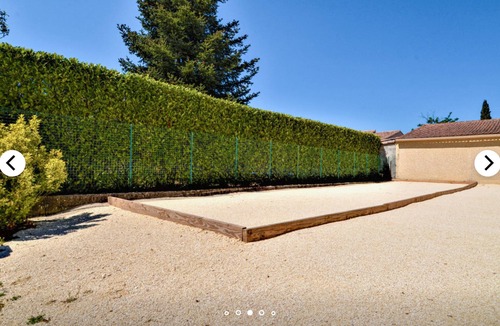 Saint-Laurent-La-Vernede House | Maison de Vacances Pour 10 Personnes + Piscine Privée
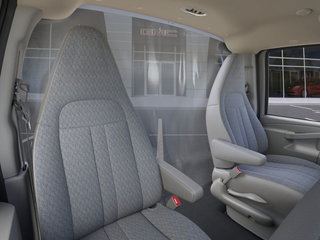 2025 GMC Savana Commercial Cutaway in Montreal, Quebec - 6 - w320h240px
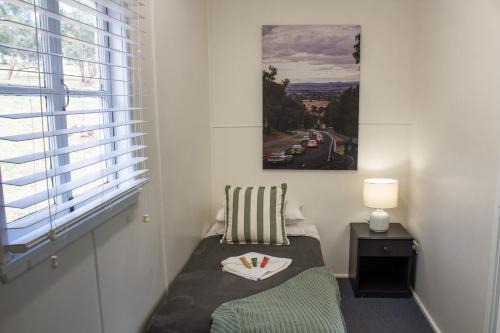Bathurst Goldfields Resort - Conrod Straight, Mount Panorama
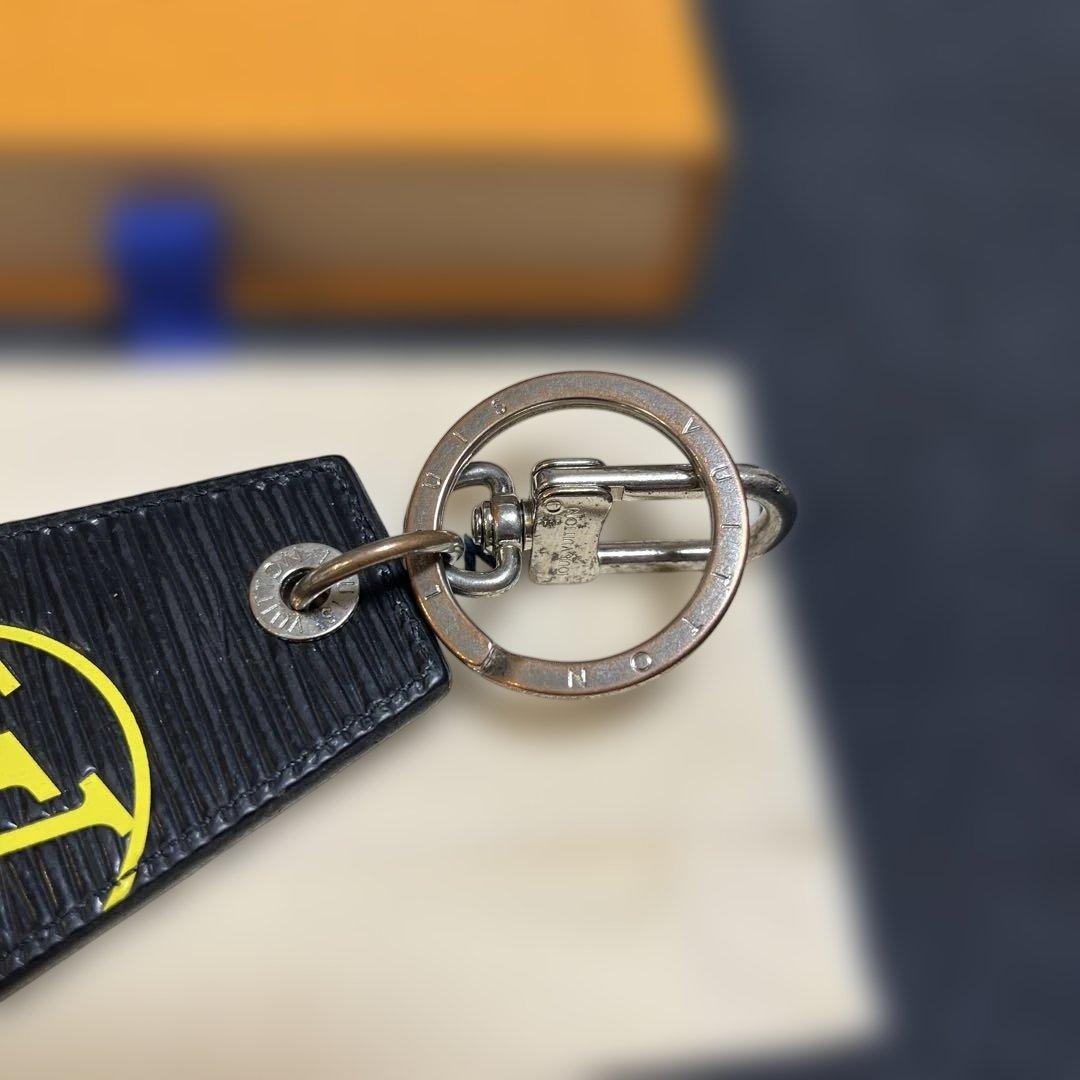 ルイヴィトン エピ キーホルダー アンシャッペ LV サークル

What is being asked: Leaving images out, please output every line of the data exactly.

Problem solution:
 Saint-Laurent-La-Vernede House | Maison de Vacances Pour 10 Personnes + Piscine Privée
 2025 GMC Savana Commercial Cutaway in Montreal, Quebec - 6 - w320h240px
Bathurst Goldfields Resort - Conrod Straight, Mount Panorama
 ルイヴィトン エピ キーホルダー アンシャッペ LV サークル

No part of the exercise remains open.